### YOUR ASSIGNMENT
Please write out every record exactly, but keep any images out of it.

- - -

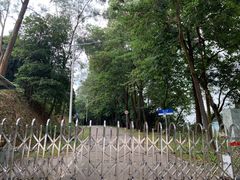 -风云岭森林公园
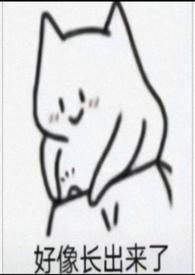 被玩弄怎么办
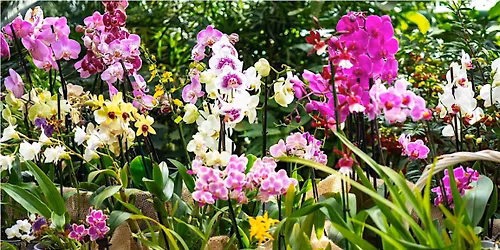 Mastering the Art of Orchids!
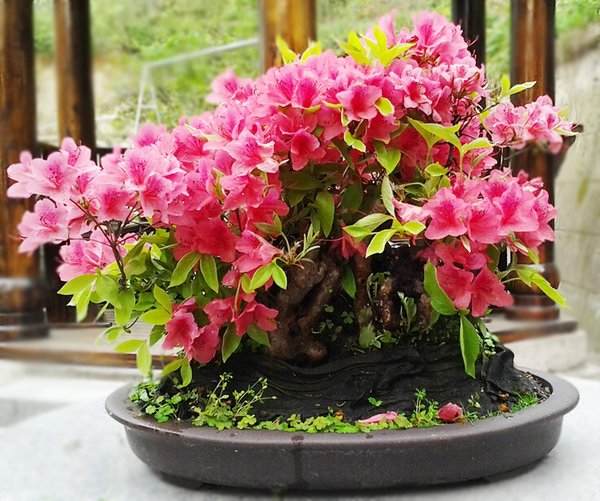 映山红盆景在花期后怎么修枝？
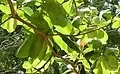 Oxibelis fulgidus on a tropical almond (Terminalia catappa?) branch, in El Crucero, Managua, Nicaragua.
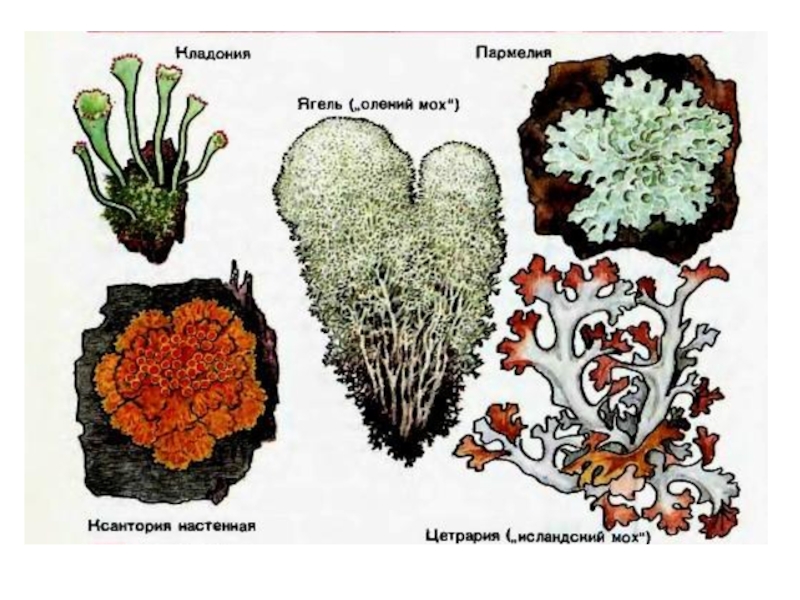 Лишайники 5 класс биология картинки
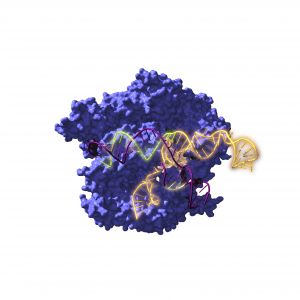 Imagen de Cas9, una enzima endonucleasa asociada con el sistema CRISPR, actuando sobre el ADN objetivo.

- - -

### YOUR RESPONSE
 -风云岭森林公园
 被玩弄怎么办
 Mastering the Art of Orchids!
 映山红盆景在花期后怎么修枝？
 Oxibelis fulgidus on a tropical almond (Terminalia catappa?) branch, in El Crucero, Managua, Nicaragua.
 Лишайники 5 класс биология картинки
 Imagen de Cas9, una enzima endonucleasa asociada con el sistema CRISPR, actuando sobre el ADN objetivo.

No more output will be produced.